Billy Mays at the office

Before he passed away in late June of 2009, Billy Mays had established himself as cultural icon of the infomercial genre. His energetic manner and booming voice provided just the right amount of exaggerated sincerity that has proven irresistible to the YouTube remix community. Mays’ resonance with “technologically savvy multi-taskers” was undoubtedly the reason that ESPN selected him to be their official spokesperson for their online sports video service ESPN360.1 In a series of advertisements that began airing in December 2008, Mays self-consciously employs his brand of histrionics to argue that advances in streaming internet video technology have created a “revolutionary” moment for sports fans. The rhetorical appeal of these advertisements is designed to expand the venues of the sports media from the living room and the stadium to the cubicle, and in the process, transform the meaning of sports fan activities.

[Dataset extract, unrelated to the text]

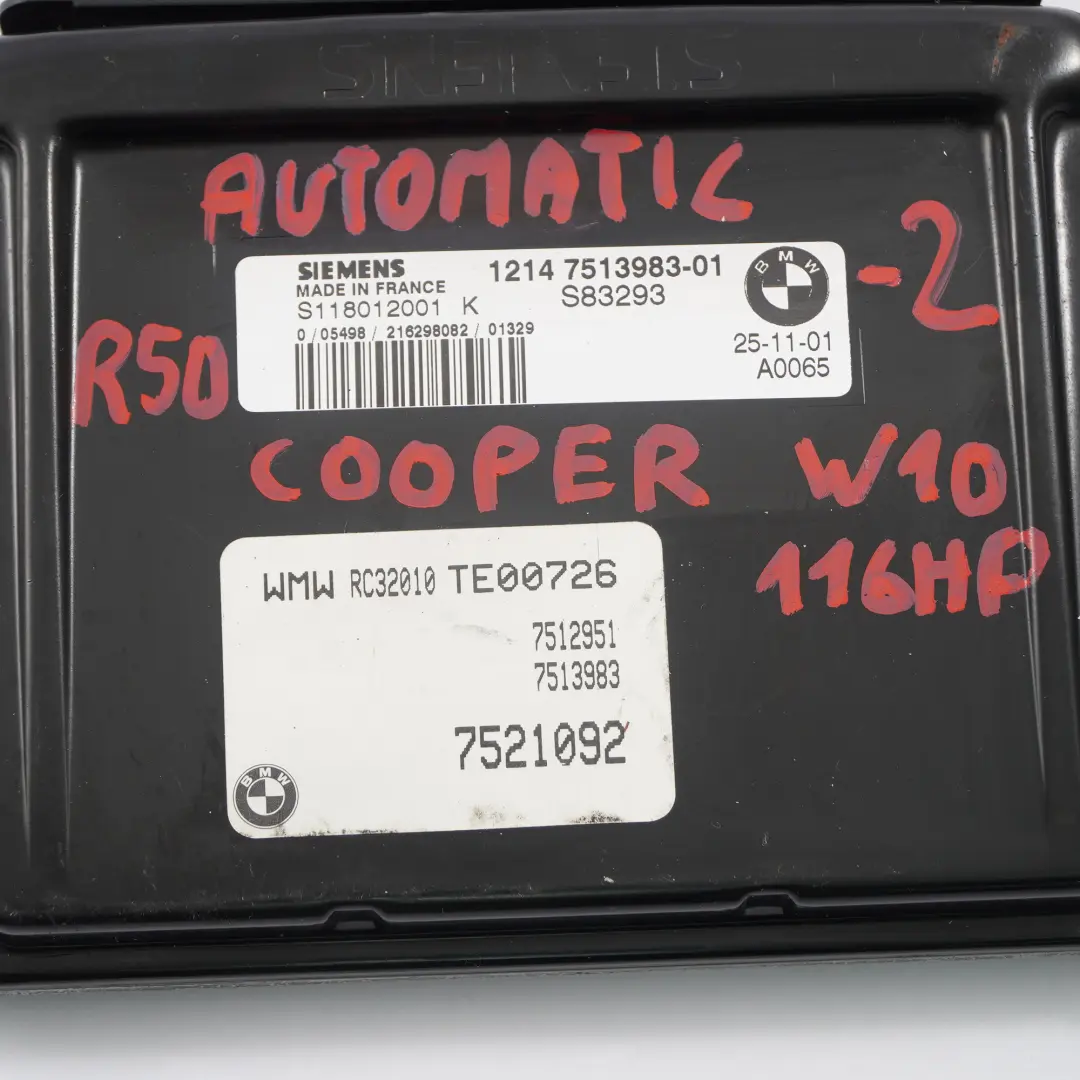 116HP Engine ECU Kit DME EWS Key Automatic Mini Cooper R50 Engine W10 - SKU 7513983-2 - Part number 7513983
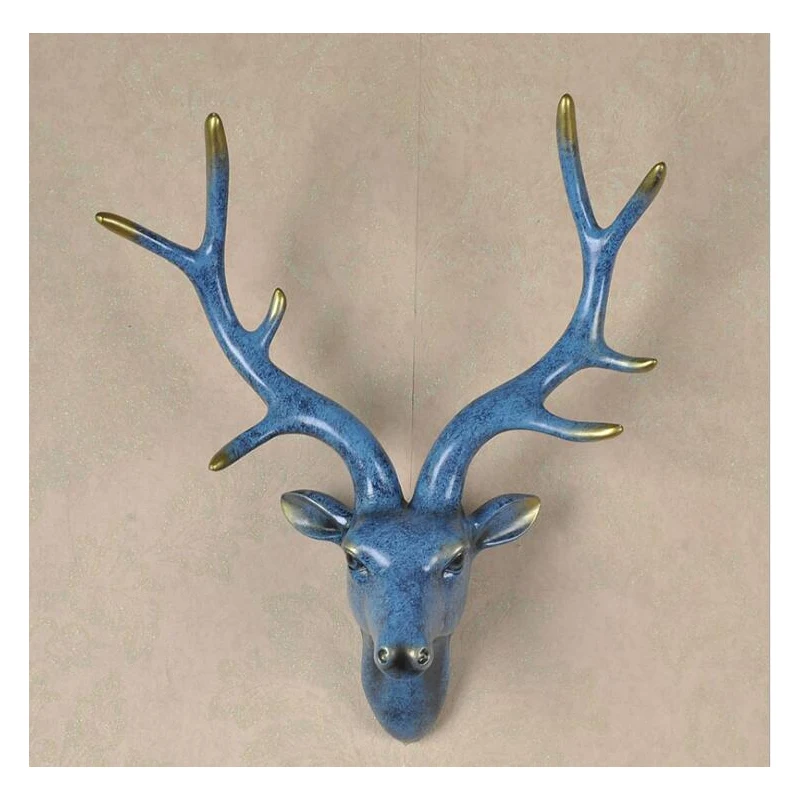 Resin Wall Hanging Sculpture Deer Head Ornaments Statue Murals Home Decorations Resin Artware Handiwork Creative Decorative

Internet video services like ESPN360 attempt to transition the communal activity of fandom into a rebellious act against the monotony and oversight of the stereotypical work place. The discourse of the advertisements and the design of the video player situate sports viewing as a type of “workspace media.” Workspace media is a term I have developed to describe internet media content that is designed to be consumed and shared in relation to the rhythms of the work environment. The term emerges from a path of scholarship that considers the impact of digital technology on the traditional viewing contexts and meanings of entertainment content. Barbara Klinger’s 2006 book, Beyond the Multiplex: Cinema, New Technologies and the Home includes a chapter on e-films and web parody that posits the idea that internet content is often treated as an, “antidote to office or school routine, while fitting seamlessly into both the surfing mentality that defines media experience and the multitasking sensibility that pervades computer culture” (200). Though Klinger is describing web shorts, her characterization of the viewing mentality of the workspace is instructive to an analysis of the discourse of internet video services like ESPN360.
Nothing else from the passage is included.